これは、1人取り残され、絶望に明け暮れることになったルルランの物語。



崩壊世界物語 子悪魔編5 エクス・マキナ

 

「あ、あああ……」

 

 ルルランの手から、水瓶が滑り落ちる。割れた水瓶から水が溢れだすのと同じ様に、ルルランの瞳からも大量の涙が溢れてきた。

 

 ルルランの眼前には、焼き払われ、跡形も無くなった村の姿が広がって居た。

 つい先程まで暮らしていた家はもう何処にもなく、あるのは廃材だけだった。

 たった20分。水を汲みに村を離れていただけで。

 

 ルルランの絶望は計り知れないものだった。大粒の涙を溢しながら、必死に村の跡を駆け回った。

 けれども、そこに仲間の姿は無かった。ハラファも、アルフェスも、マーリンも、サフィアラも、ミシリアも。誰1人としてここには居なかった。

 

 ふと、ルルランの足が止まった。村の外れ、薪置き場のそばに、ミシリアの魔力の気配を感じた。

 

 咄嗟に駆け寄るも、そこにミシリアの姿は無かった。有るのは1つのメッセージだけ。

 

『エンヴィメイドが来た。村から逃げて』

 

 ルルランはすぐさま村から逃げ出した。いろいろ留まって考えたいことはあった。何があったんだろうとか、みんなは無事なのかとか、なんでそんな怖いもの(エンヴィメイド)が来たのかとか、なんで私たちがこんな目に合わなきゃいけないのかとか。

 

 でも、それよりも先に逃げた。何よりも信頼している仲間が、親友が、ここから逃げてと言っているのだから。

 

 

 

 

 逃げて、逃げて逃げて。当てもなく走って、数日かけてたどり着いたのは、隣国の国境だった。

 

 自分以外の人類を見かけたルルランは、疲労も相まって倒れてしまう。

 

 ルルランのボロボロな姿を見た機械兵は、その様相と年齢から、ただ事ではないのだろうと察し、ルルランを医務室へと運び込んだ。

 

 機械兵たちが、人類と機械の構造の差に苦労しながら懸命に治療を行ったことで、ルルランは目を覚まし、自身が解る限りの事のあらましを機械兵たちへと語った。

 事情を聞いた機械兵は、行く当ても無いのならと、ルルランを国へと招き入れた。

 

 こうして、ルルランのエクス・マキナでの日々が幕を開けた。

 

 

 

 

 

 

 

 

 

 

 

 

{機働国家|エクス・マキナ}の{子悪魔|りとるでびる}・ルルラン

攻0/守0・悪魔族・闇属性・レベル1・効果

 

このカード名の①②の効果はそれぞれ1ターンに1度しか使用できない。

①:手札からこのカードを捨てて発動できる。

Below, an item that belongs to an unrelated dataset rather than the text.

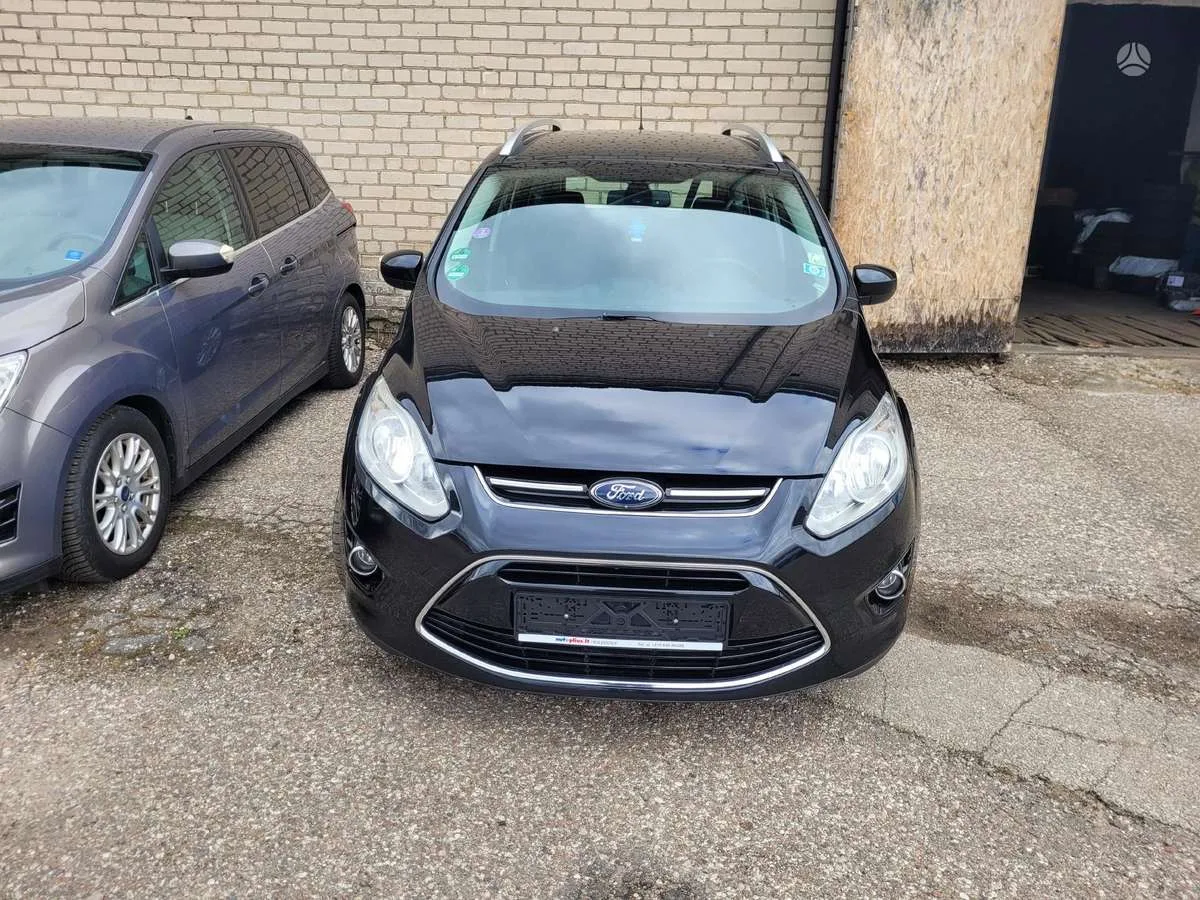 Ford Grand C-MAX, 2011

デッキから「エクス・マキナ」魔法カード1枚を手札に加える。その後、手札を1枚選んでデッキに戻す。自分フィールドに「{古悪魔|エルダーデーモン}」モンスターが存在する場合、代わりに「りとるでびる」魔法カード1枚を手札に加えることができる。

②:自分フィールドに機械族または悪魔族モンスターが存在する場合に発動できる。墓地からこのカードを特殊召喚する。この効果で特殊召喚したこのカードはレベル9になる。この効果の発動後、ターン終了時まで自分は機械族・悪魔族以外のモンスターの効果を発動できない。

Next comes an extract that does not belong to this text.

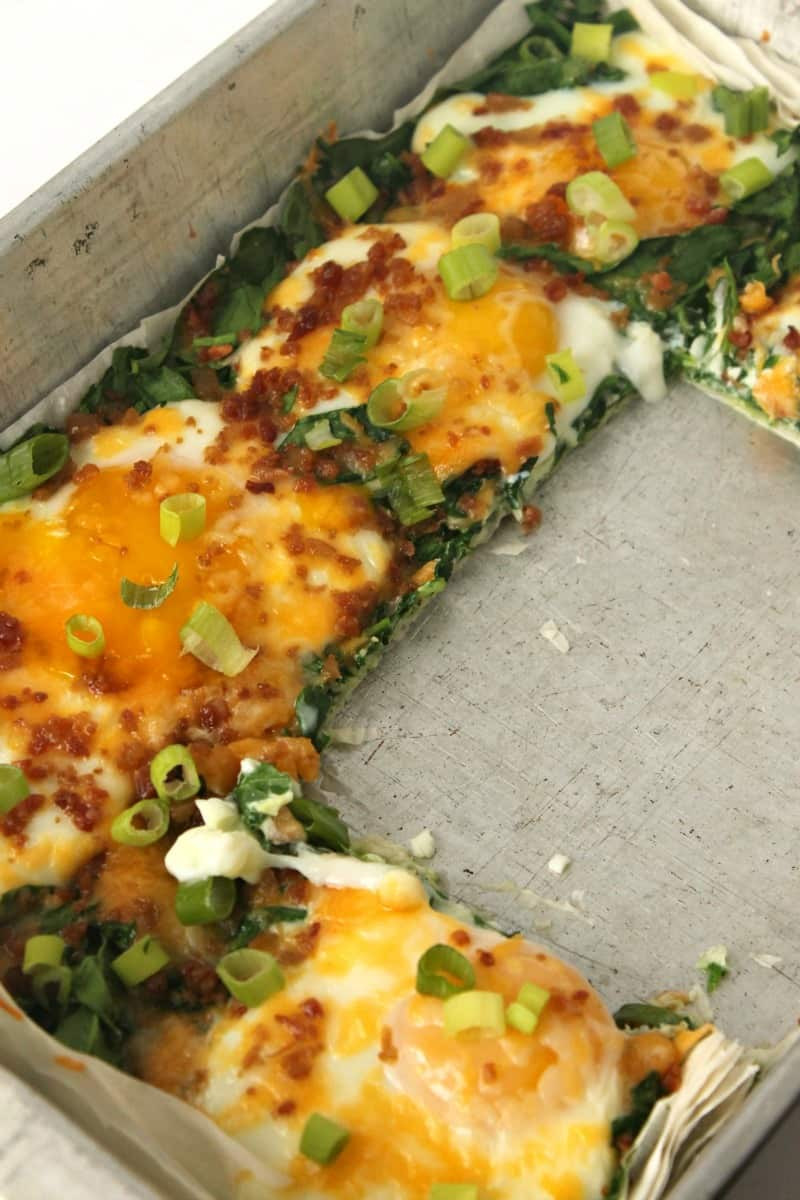 Low Carb Breakfast Pizza
 Simple Low Carb Breakfast Pizza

③:自分フィールドの「{子悪魔|りとるでびる}」モンスターが相手の効果で破壊された場合に発動する。自分フィールドの「{子悪魔|りとるでびる}」モンスターを全て破壊する。

 

{機働国家|エクス・マキナ}の警邏

攻2800/守2000・機械族・闇属性・レベル9・効果

 

このカード名の①②の効果はそれぞれ1ターンに1度しか使用できない。

①:手札のこのカードを相手に見せ、自分の墓地の「エクス・マキナ」モンスター1体を対象として発動できる。そのカードとこのカードを特殊召喚する。この効果で特殊召喚した「エクス・マキナ」モンスターのレベルは9になる。

②:このカードが召喚・特殊召喚した場合に発動できる。自分の墓地から「エクス・マキナ」カード1枚を手札に加える。

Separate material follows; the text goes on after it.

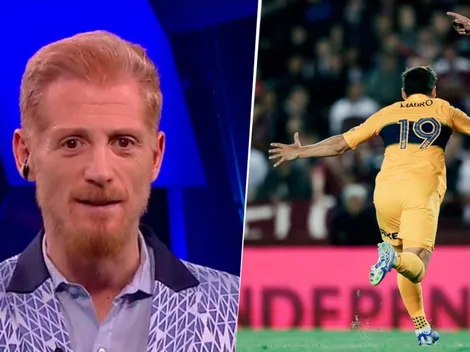 Liberman vio cómo jugó Mauro Zárate y le pegó en Twitter: "¡Qué morfón que es!"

③:このカードをX素材とするXモンスターは以下の効果を得る。

●1ターンに1度相手が発動した魔法カードの効果を無効にし破壊する。

 

{機働国家|エクス・マキナ}の憲兵

攻2700/守2400・機械族・闇属性・レベル9・効果

 

このカード名の①②の効果はそれぞれ1ターンに1度しか使用できない。

①:自分メインフェイズに発動できる。デッキから「エクス・マキナ」モンスター1体を特殊召喚する。この効果の発動後、ターン終了時まで自分はXモンスターしかEXデッキから特殊召喚できない。

②:自分メインフェイズに、相手がモンスターの効果を発動した時に発動できる。その効果を無効にし破壊する。

③:このカードをXとするXモンスターは以下の効果を得る。

●このカードの攻撃力は相手のフィールドのモンスターの数×300アップする。

 

{機働国家|エクス・マキナ}の衛兵

攻2500/守2800・機械族・闇属性・レベル9・効果

 

このカード名の①の方法による特殊召喚は1ターンに1度しかできず、②の効果は1ターンに1度しか使用できない。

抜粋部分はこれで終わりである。